How to Improve Your Bone Health After Age 50?

Strengthening your bones might not be one of your priorities but if you know how adversely it can affect your quality of life, you would never compromise on their health. It is during the early years of your life that you can build a bone bank that will help in leading the later years of your life stress-free. If you have been a wild child, and haven’t eaten healthy food during the teenage years, you are at a high risk of osteoporosis. 

It is researched that 1 in 2 women and 1 in 4 men will experience a fracture in their lifetime because of osteoporosis. The 2011 JAMA Internal Medicine study revealed that women aged 65 to 69 who break their hip are five times more likely to die within the next year as compared to their strong-hipped peers. However, it is never too late to choose a healthy lifestyle, so you should take steps to prevent further loss of your bone density.

Even if you have abused your body in the past, let us tell you some futile tips to ensure better bone health than before.

Know Your Health Condition Well

Before you start with a healthy regime, it is essential to know how much improvement is required. If you aren’t sure where you stand on the bone-strength scale, it is better to head out to an orthopedic clinic where the doctor will ask you to undergo a couple of tests. 

The most accurate results are attained through the bone-density test known as a dual-energy X-ray absorptiometry (DEXA) scan. For women, it should be done as soon as they reach menopause, and earlier if the bone health appears to be feebler.

This test is fast, painless, and isn’t even costly. If the test score is between 1 and -1, then the person has normal bone density. A score between -1 and -2.5 indicates that the bones are less dense than they should be, whereas a value less than -2.5 indicates osteoporosis.

Opt for an Active Lifestyle

Continuous inactivity will make your bones and muscles lose strength and this, in turn, increases the risk of falls, fractures, and osteoporosis. People of over 50 years of age should incorporate at least 150 minutes of exercise throughout the week.

If your health doesn’t allow you to go for weight training and other heavy exercises, you can choose to do some moderate activity. This will still increase your heart rate and make you feel warmer because of fast breathing. These activities include water aerobics, walking, pushing a lawnmower, and riding a bike.

You can even work on improving your muscle strength by dancing, going up and down the stairs, exercising on music, and yoga. These activities improve your balance and coordination, which minimizes the risk of falling and saves you from unexpected fractures.

Get Enough of Vitamin D and Vitamin K

Vitamin D is essential for bone health and strong muscles. It is during the summer months (March through September) that our bodies soak up enough sunlight and utilize it to make Vitamin D. 41.6% of Americans are deficient in Vitamin D as they don’t get enough light.

If you don’t go out quite often, it is better to take a daily supplement. For people over 50 years of age, a vitamin D supplement of 400 IU every day is recommended.

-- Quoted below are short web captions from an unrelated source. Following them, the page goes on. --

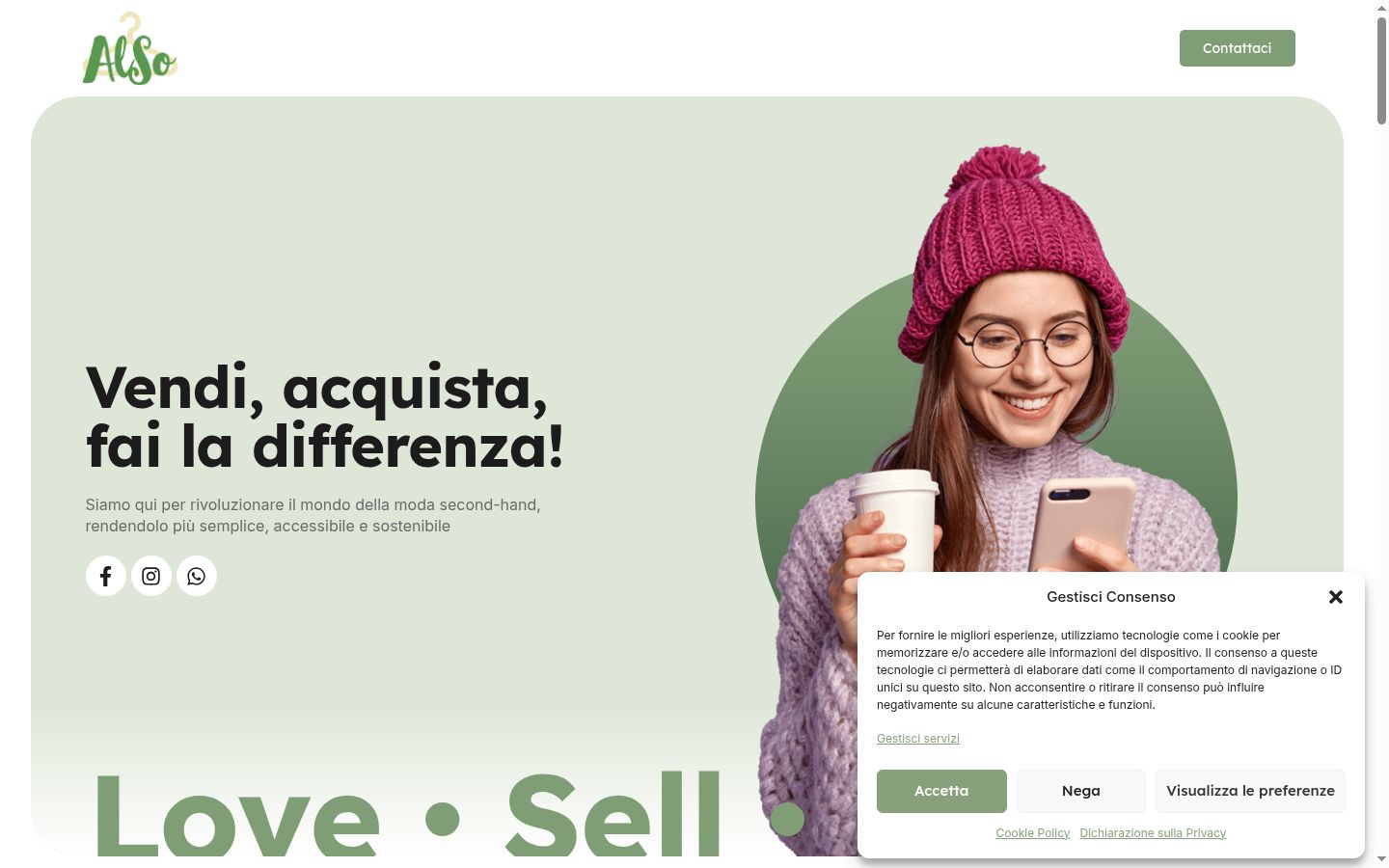 Screenshot del banner di consenso mostrato prima di qualsiasi interazione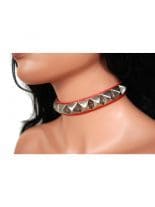 Leder Halsband Pyramiden Nieten
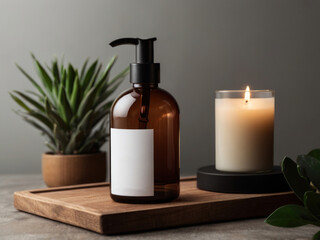 Brown glass bottle with blank label on wooden table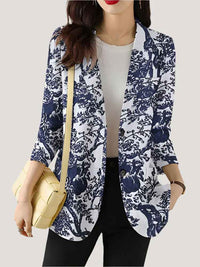 Clemency tailored floral print blazer in Blue White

Dark-skinned people may not be able to get sufficient Vitamin D from sunlight so they should rely on a supplement in any case. 

There are multiple foods rich in Vitamin D, especially oily fish like mackerel and salmon, some breakfast cereals, fortified orange juice, fortified rice and soy beverages, margarine, and egg yolks. 

Make Vegetables an Integral Part of Your Diet

By incorporating vegetables in your diet, you are actively taking rich amounts of Vitamin C. Not only does Vitamin C stimulate the production of bone-forming cells but some studies suggest that its antioxidant effects also protect the bone cells from any kind of damage.

Vegetables tend to increase bone mineral density, which indicates the amount of calcium and other minerals in your bones. In young adults, a high intake of green and yellow vegetables increases the bone mineralization and bring about benefits in the older age.

A three-month study was conducted in which women consumed more than nine servings of cabbage, broccoli, parsley, and other plants containing bone-protective oxidants. It was found that there was a significant decrease in bone turnover in those women.

Try Eating Calcium-Rich Foods throughout the Day

Without a doubt, calcium is the most important mineral for bone health and is the main constituent of your bones. It is essential to consume it daily if you want to protect the strength and structure of your bones.

The RDI for calcium is 1,000 mg per day but older people, especially women, require 1,200 mg daily. It is better to take calcium through food instead of supplements, but the amount absorbed by the body varies greatly.

A recent study conducted on 1,567 people revealed that high-calcium intake from foods will decrease the rate of heart disease. On the other hand, those taking the supplements are prone to a 22% higher risk of developing heart disease.

Conclusion

No matter what stage of life you are in, bone health is extremely important. People tend to take having strong bones for granted until they start experiencing the adverse effects of lost bone density. Fortunately, several lifestyle and nutrition habits can help in building back the strength and density of the bones. 

First of all, one must limit the consumption of caffeine, alcohol, and nicotine as all of them lead to faster bone loss. Choose your health over everything else. Gain weight if you need to or shed a few pounds if you want to put less pressure on your knees. The best thing is it is never too late to start, so better now than never.